Suite à l’adoption du Traité de Lisbonne, on observe un progrès de la démocratie participative au niveau européen, qui se traduit notamment par le développe- ment des consultations sur l’économie sociale et solidaire, le travail initié par la Commission européenne pour la création d’indicateurs complémentaires du PIB, la redéfinition par le Paquet Almunia-Barnier des relations entre associations et collectivités publiques dans le cadre de la prestation de SSIG et le développe- ment de collectifs informels ou provisoires à côté des coordinations associatives représentatives.
On observe toutefois une difficulté d’accès aux financements européens pour les acteurs associatifs, notamment du fait d’une lecture différenciée des contraintes européennes. Le recours privilégié aux marchés publics va à l’encontre des dispositions européennes mais permet aux collectivités publiques françaises de se prémunir contre le risque de prises illégales d’intérêt. Le cadre réglementaire européen, via le mandatement, protège les associations d’une concurrence effrénée et irrespectueuse de leur identité, mais repose sur la définition par l’état de l’intérêt général auquel contribuent les associations, dont la capacité d’initiative est niée.
→ Quelles sont les perspectives au niveau européen ?
La zone euro va probablement parvenir à s’engager sur le chemin d’une union politique. Par le biais de coopérations renforcées, les états membres de la zone euro créent des cercles qui s’ouvrent à tous pour aller vers une Europe à géométrie variable et renforcée.
L’évolution de l’Europe et la marche vers l’intégration politique se font à deux niveaux : au niveau des pouvoirs publics et au niveau des expériences de terrain, dans le cadre des « petites Europe ». Anticiper les figures d’avenir fondées sur des coopérations entre entreprises, pouvoirs publics et associations serait une réponse intéressante pour créer une culture européenne et donner une âme à l’Europe.
Conclusion
Le territoire était jusqu’à présent considéré comme la bonne échelle de l’action collective. Or, l’approche fonctionnelle met en lumière la mobilité comme facteur d’ascension sociale et cadre de référence et fragilise l’unité territoriale. La double logique de fragmentation et de fluidité doit ainsi continuer à orienter nos réflexions.
Sur le plan de l’action publique, la contradiction entre l’inefficacité de la norme et la demande d’individualisation conduit à une réponse concertée à l’échelle territoriale.
À l’issue du cycle de décentralisation, nous assistons à un dépassement des logiques compétitives et à un développement des stratégies coopératives entre acteurs institutionnels à l’échelle d’un territoire, notamment via la mutualisation et la logique des guichets uniques.

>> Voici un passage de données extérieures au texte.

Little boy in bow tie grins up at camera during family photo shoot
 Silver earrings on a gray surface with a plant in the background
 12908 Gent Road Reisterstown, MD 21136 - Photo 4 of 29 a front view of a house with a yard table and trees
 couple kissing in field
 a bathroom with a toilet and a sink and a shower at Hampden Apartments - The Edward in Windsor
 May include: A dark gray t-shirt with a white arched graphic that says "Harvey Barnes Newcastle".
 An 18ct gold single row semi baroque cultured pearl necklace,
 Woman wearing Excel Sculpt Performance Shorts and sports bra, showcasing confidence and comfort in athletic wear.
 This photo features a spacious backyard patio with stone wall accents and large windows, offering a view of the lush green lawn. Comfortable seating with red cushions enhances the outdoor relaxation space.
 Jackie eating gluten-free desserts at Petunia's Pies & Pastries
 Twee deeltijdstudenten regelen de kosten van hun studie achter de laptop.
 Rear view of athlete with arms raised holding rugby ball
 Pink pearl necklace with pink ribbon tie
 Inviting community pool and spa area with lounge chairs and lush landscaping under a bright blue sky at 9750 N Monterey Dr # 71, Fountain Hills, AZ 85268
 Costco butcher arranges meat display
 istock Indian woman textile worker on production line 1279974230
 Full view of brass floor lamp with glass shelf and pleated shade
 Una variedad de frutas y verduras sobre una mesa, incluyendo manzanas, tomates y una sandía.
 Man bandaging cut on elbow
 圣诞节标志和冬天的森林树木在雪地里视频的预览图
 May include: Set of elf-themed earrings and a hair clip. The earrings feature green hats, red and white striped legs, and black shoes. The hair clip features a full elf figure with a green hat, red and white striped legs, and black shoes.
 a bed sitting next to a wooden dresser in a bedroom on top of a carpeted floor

Dans l’esprit des acteurs, l’Europe est aujourd’hui davantage perçue comme un obstacle que comme un projet. L’Europe a été un idéal, un projet politique et un projet de paix. Le marché unique a été un levier d’unification territoriale. Cette dynamique est devenue un faisceau de contraintes.
Il est aujourd’hui difficile de trouver la jointure entre la dimension européenne et la recherche de projets communs. Pour dépasser cette situation de rupture, il nous faut détecter les initiatives européennes porteuses de projet et les petits espaces de coopération, qui ne correspondent pas nécessairement à l’espace de construction institutionnelle de l’Europe.